(Provided records)
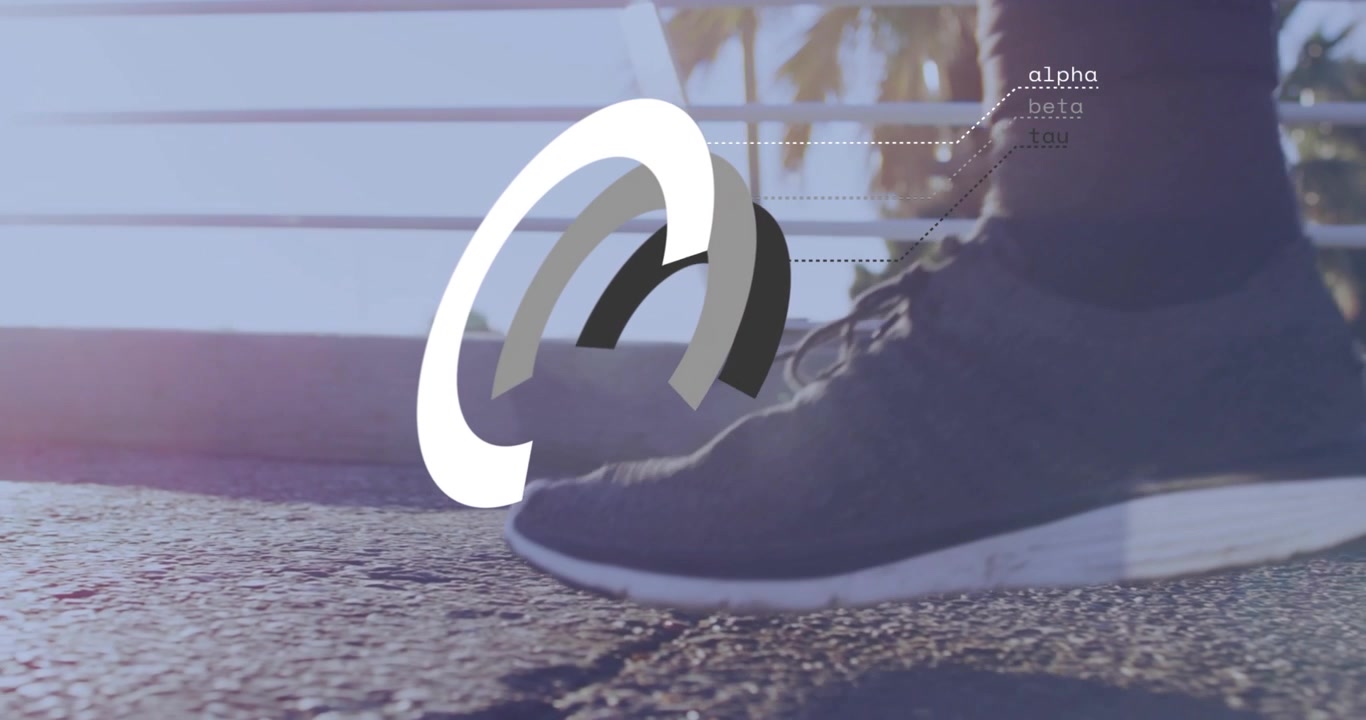 Male runner executing heel-toe gait on asphalt, foot stepping initiating ring syncing for sports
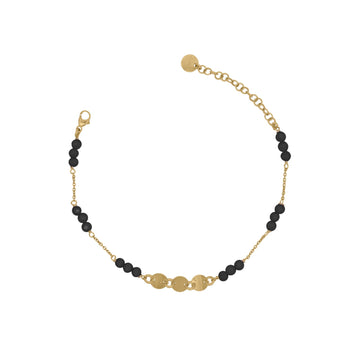 Bracciale donna Rue Des Mille argento dorato e sfere nere Regolabile 15-18 cm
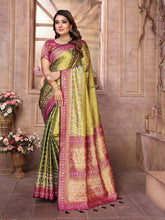 Preferable Banarasi Tissue Silk Mehndi Color Saree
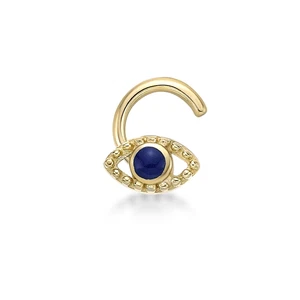 Evil Eye Stud Nose Ring, 10K Yellow Gold, 20 Gauge - Picture 1 of 10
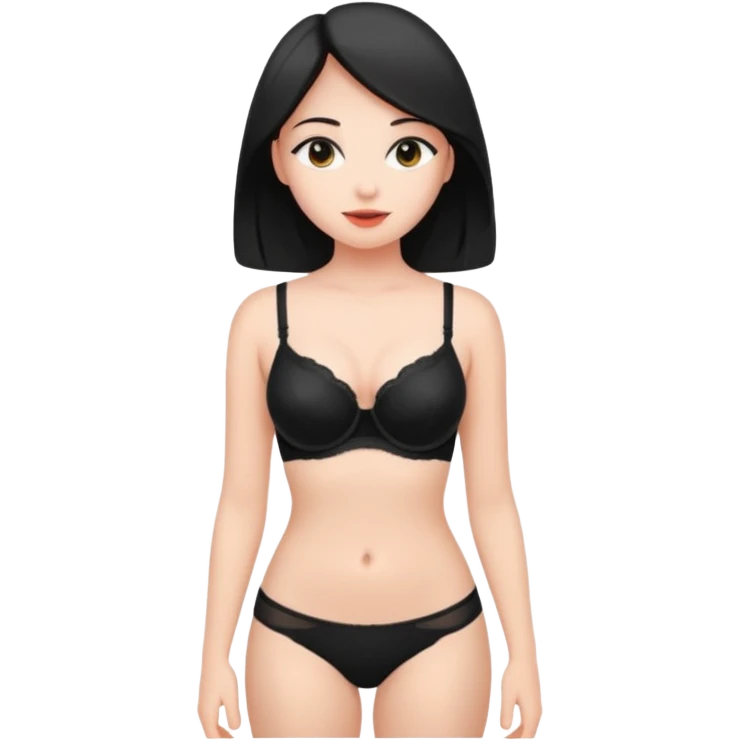 Girl wearing bra on full body emoji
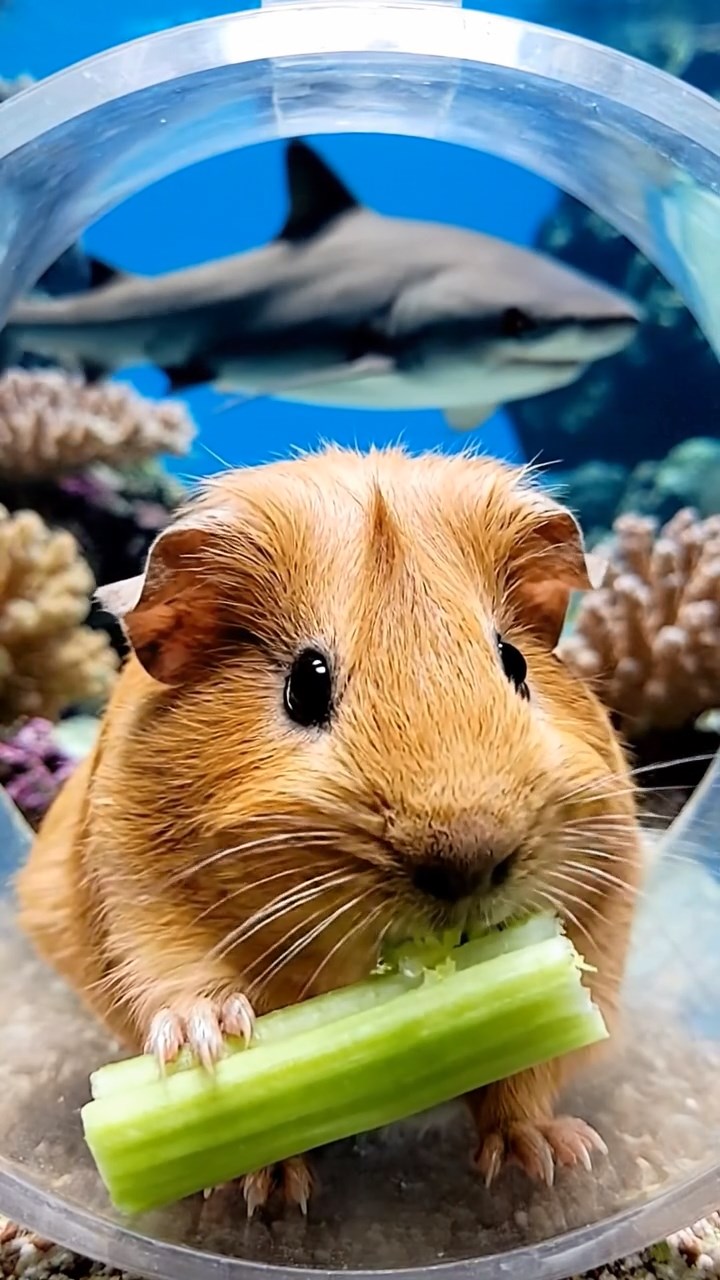 788. Realistic scene of 3 smooth-haired Californian guinea pigs with Chocolate, Cinnamon, and Gray fur, grooming each other in a lush meadow with scattered wildflowers and a babbling brook, under golden sunlight, enhancing the authentic, social atmosphere.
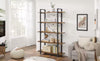 Bookshelf 5-Tier Industrial Stable Bookcase Storage Rack Standing Easy Assembly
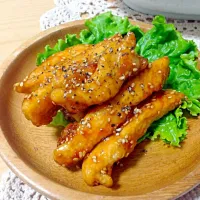 鶏胸肉のチキンスティック〜甘辛ダレ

(Work item) Restate each of the entries above word for word and skip every image.

(Exercise response)
 Male runner executing heel-toe gait on asphalt, foot stepping initiating ring syncing for sports
 Bracciale donna Rue Des Mille argento dorato e sfere nere Regolabile 15-18 cm
 Preferable Banarasi Tissue Silk Mehndi Color Saree
 Evil Eye Stud Nose Ring, 10K Yellow Gold, 20 Gauge - Picture 1 of 10
 Girl wearing bra on full body emoji
 788. Realistic scene of 3 smooth-haired Californian guinea pigs with Chocolate, Cinnamon, and Gray fur, grooming each other in a lush meadow with scattered wildflowers and a babbling brook, under golden sunlight, enhancing the authentic, social atmosphere.
 Bookshelf 5-Tier Industrial Stable Bookcase Storage Rack Standing Easy Assembly
 鶏胸肉のチキンスティック〜甘辛ダレ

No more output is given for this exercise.